The Three-Legged Pig, 1998-2011
Four-channel video installation on a 2X2 grid of four CRT TV’s
Artist’s book: Hardcover edition with color illustrations, 118 pages. Available here.
The Three-Legged Pig is a four-channel video and an accompanying artist book. The Hi8 video footage, shot January of 1998 on family farms in the Southwest of France, witnesses the respect given to the lives of pigs raised and prepared for food. I offered The Fourth Leg: a lesson in pig butchery at Postmasters Gallery in conjunction with the exhibition at the Center for Book Arts,.

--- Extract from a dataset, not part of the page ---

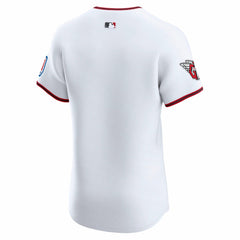 Cleveland Guardians Nike Home  Elite Jersey - White Jerseys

At the heart of the video installation is a 20-minute rendition of a joke by Yannick Pompele, boat mechanic, raconteur and gourmand. In his version, Yannick weaves the fabric and flavor of rural Gascony into a tale that is sometimes reverent and sometime scatological. On another channel of the video, a Gascon farmer with the help of his family and neighbors slaughters a pig by bleeding it. Then the pig is bathed and scraped, then gutted and hung in the cold winter air. Slowly it transforms from dead animal to meat. On the third track, the entrails, head, organs and other meat are made into various sausages, potted meats and cured meat such as ham. The fourth video follows Yannick’s family and their variations of blood sausage, jamboneau and other charcuterie. The recipes gathered during the making of the video are transcribed in the book along with the French/English translation of Yannick’s joke. The American version of the joke is provided after the slide shows.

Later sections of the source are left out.